[Records to use Boundary: Start]
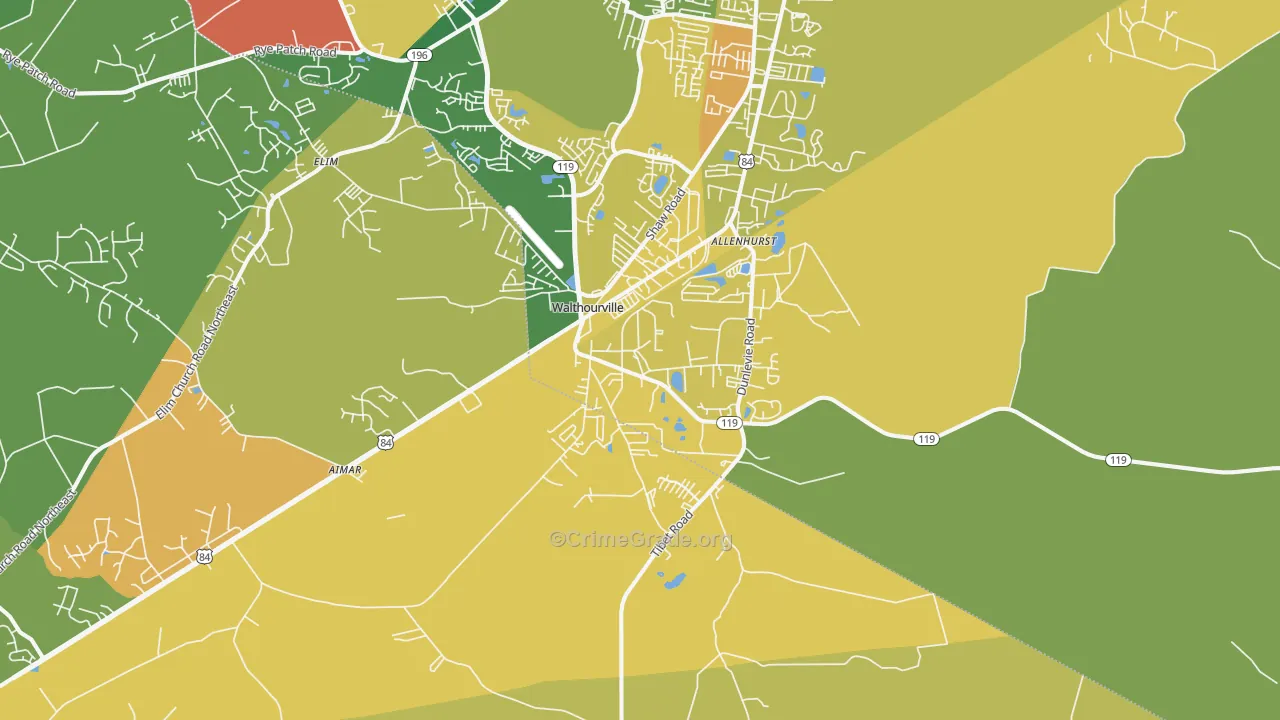 Walthourville, GA Map of Arson Rates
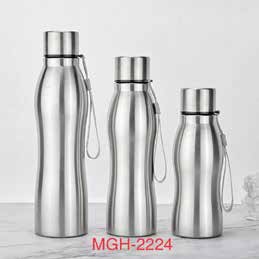 Curved Stainless Steel Bottle with Strap 1000 ML corporate gift - Meru Trophy Bangalore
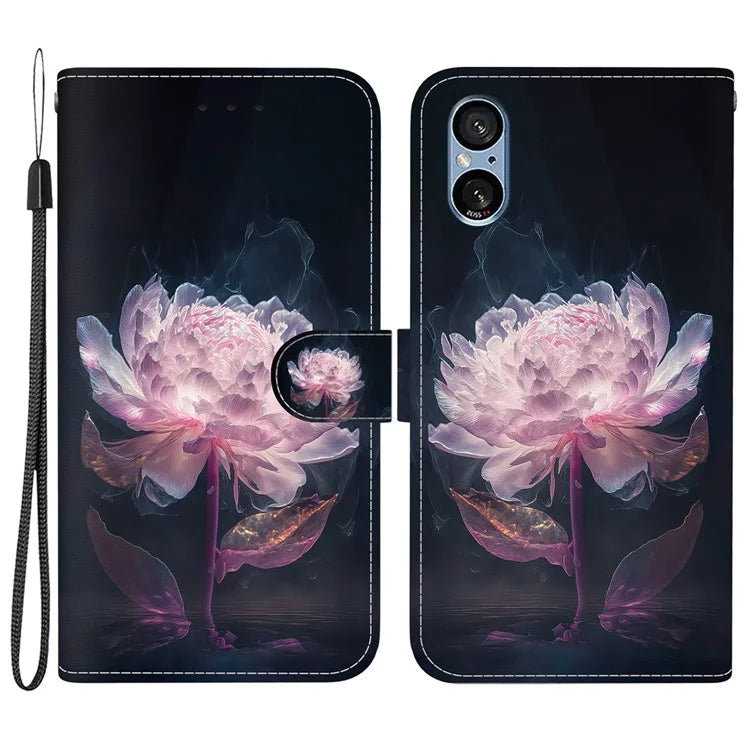 For Sony Xperia 5 V Case PU Leather Stand Feature Flip Phone Cover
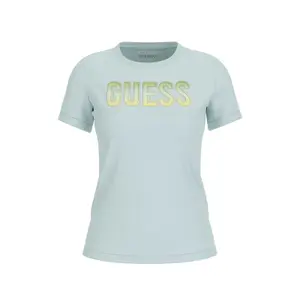 Koszulka z okrągłym dekoltem z gradientowym logo z cekinami dla kobiet Guess image-0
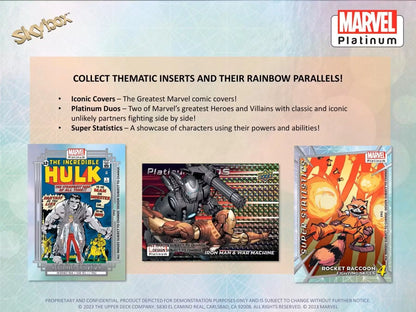 Marvel Platinum Trading Cards Hobby Box advertisement featuring original art and rainbow parallels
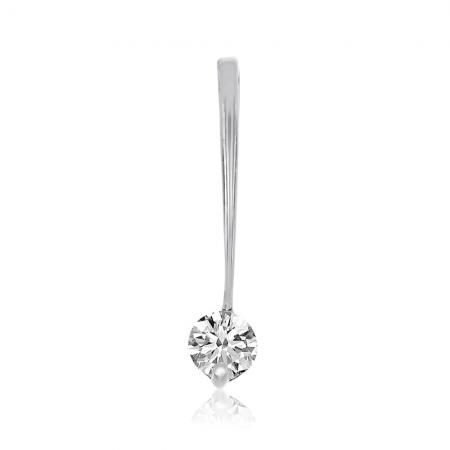 14K White Gold .33 Ct Diamond Drop Pendant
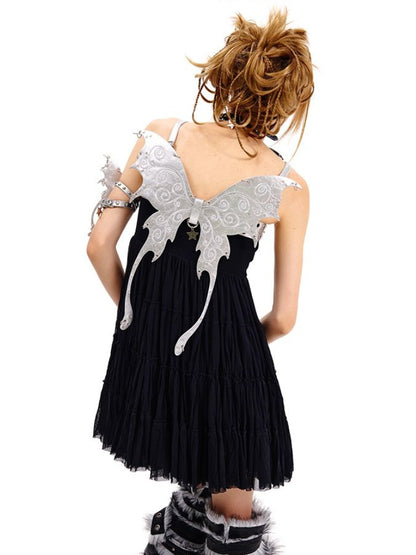 Punk Schwarz/Silber Schmetterling Taillengürtel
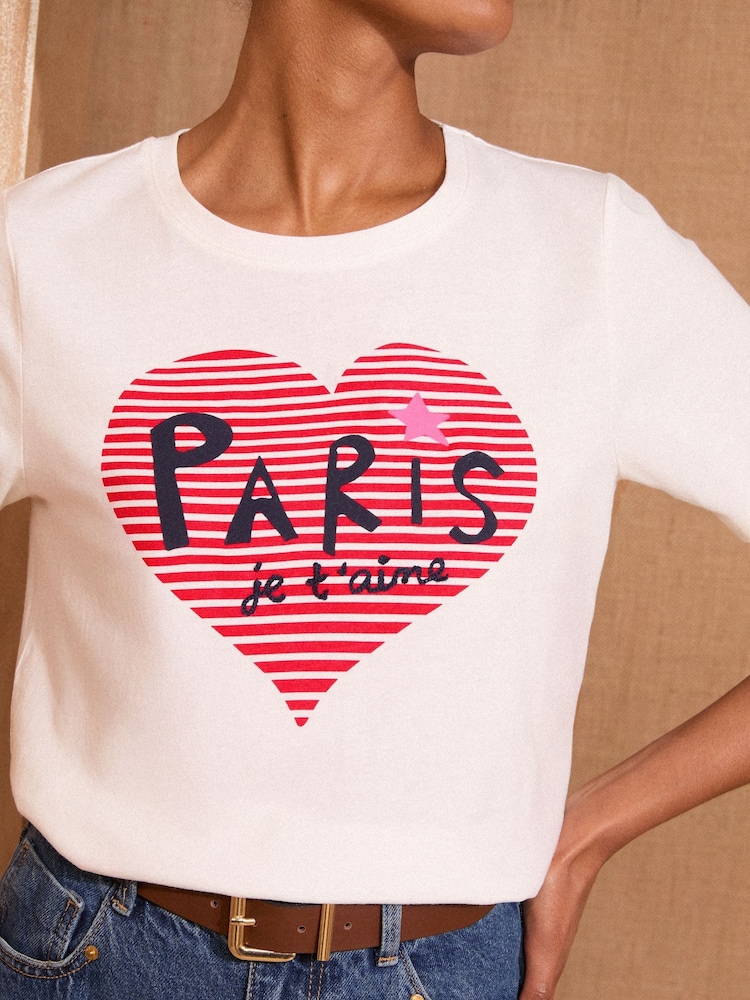 Love & Roses Ivory Pairs Heart Slogan Jersey T-Shirt - Image 2 of 4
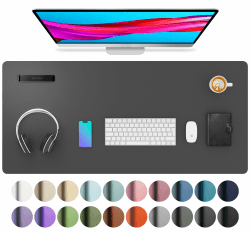 Aothia Schreibtischunterlage,Mauspad mit Leder und Rutchfeste Wildleder,Multifunktionales Office Mousepad Laptop Schreibunterlage,Tisch-Schutz Unterlage für Büro/Home(91cmx43cm,grau) 91cm x 43cm grau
[Records to use Boundary: End]
Above are the records. Copy only the lines from the one with "For Sony Xperia" through the one with "14K White Gold .33 Ct Diamond Drop Pendant", exactly, with no pictures.

> Solution to the exercise
 For Sony Xperia 5 V Case PU Leather Stand Feature Flip Phone Cover
 Koszulka z okrągłym dekoltem z gradientowym logo z cekinami dla kobiet Guess image-0
 Marvel Platinum Trading Cards Hobby Box advertisement featuring original art and rainbow parallels
 14K White Gold .33 Ct Diamond Drop Pendant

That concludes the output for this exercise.